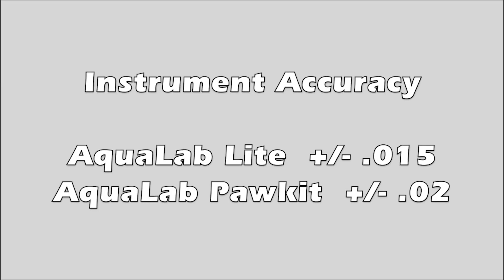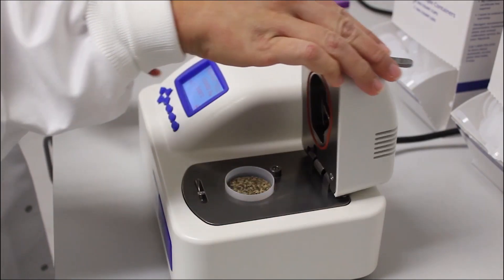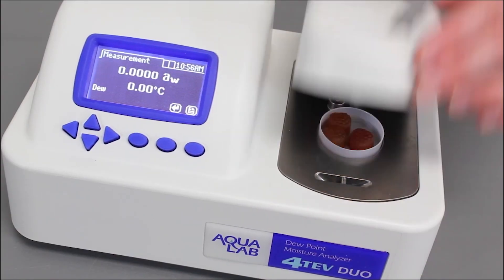The Light measures water activity to within plus or minus .015 water activity accuracy, and the Pocket measures to .02. The Light and the Pocket use capacitance sensors, which are not the most accurate sensors for measuring water activity. The most accurate method for measuring water activity is the chilled mirror dew point method. We have a variety of other instruments that use this technology.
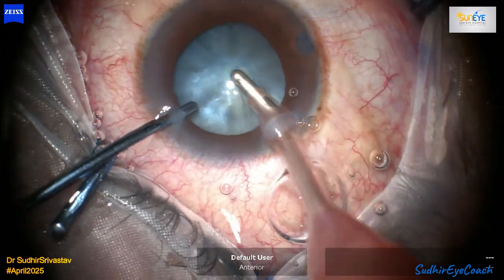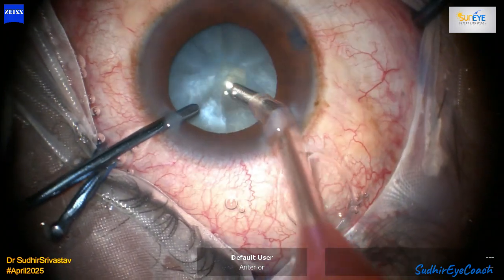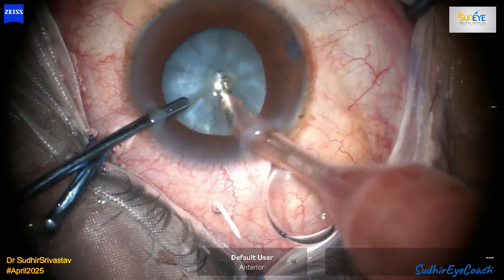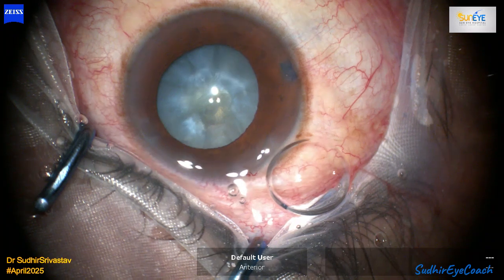I proceeded with phacoemulsification and fragmentation using the moderate size capsular rhexis. After completing nucleus fragmentation and cleanup, I implanted a single-piece hydrophobic lens — the Clareon lens from Alcon was implanted in this case.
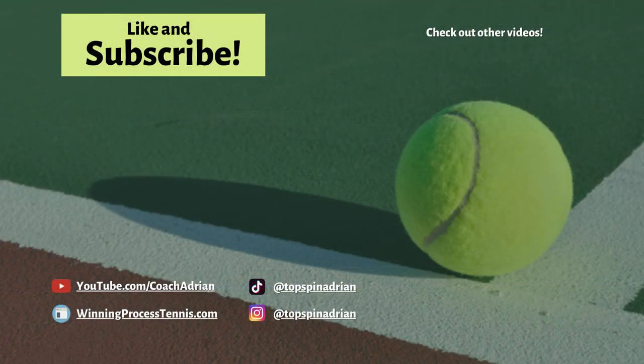If you enjoyed this video, kindly do me a favor and hit that like and subscribe button. As always, thanks for watching, and I'll see you next time.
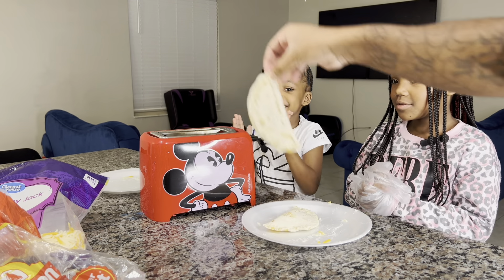Okay, so we got these. We got the cheese. And we got a toaster. Now we're going to get one of these out and put it on a plate. Now it's time to get the cheese on.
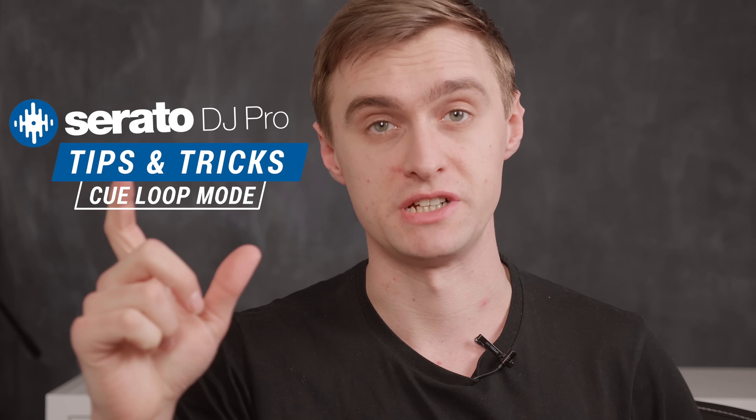Hey, welcome back, it's Jamie Hartley again from Crossfader. Welcome to the Serato DJ Pro tips and tricks series. This video series is full of technical tips and also creative ideas for you to make the most of the Serato DJ Pro software.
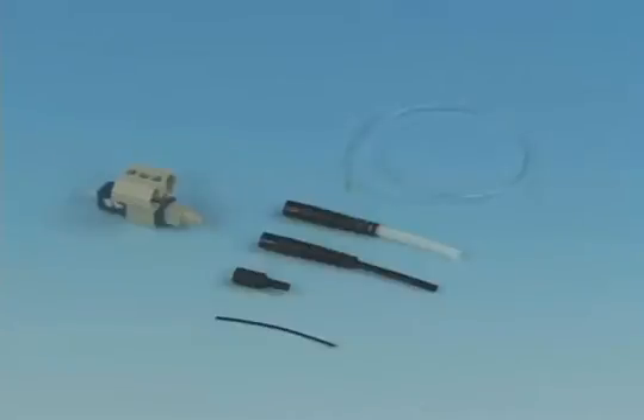Each FAST-SC connector includes the following components: the FAST-SC connector assembly with wedge clip installed, a 250 micron protective tube, a clear protective tube, a 3 millimeter boot, a 2 millimeter boot, and a 900 micron boot.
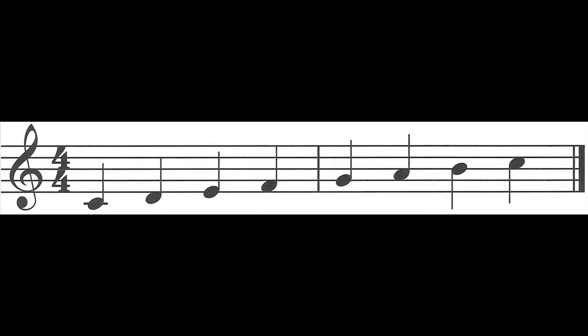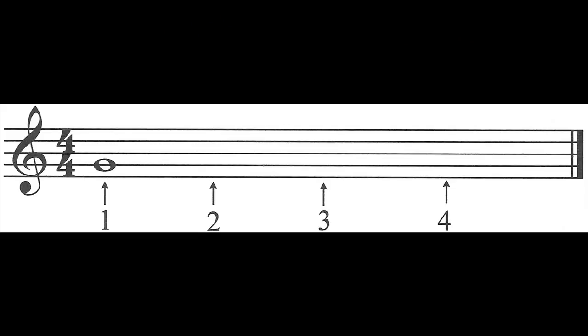You're going to learn the scales and an introduction to music theory, and you'll be learning to read music as well as you go.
........
The line with "Hey, welcome back, it's" and each line after it, through the final line of the data, are to be duplicated exactly, with pictures left out and nothing more included.

#### REPLY
Hey, welcome back, it's Jamie Hartley again from Crossfader. Welcome to the Serato DJ Pro tips and tricks series. This video series is full of technical tips and also creative ideas for you to make the most of the Serato DJ Pro software.
Each FAST-SC connector includes the following components: the FAST-SC connector assembly with wedge clip installed, a 250 micron protective tube, a clear protective tube, a 3 millimeter boot, a 2 millimeter boot, and a 900 micron boot.
You're going to learn the scales and an introduction to music theory, and you'll be learning to read music as well as you go.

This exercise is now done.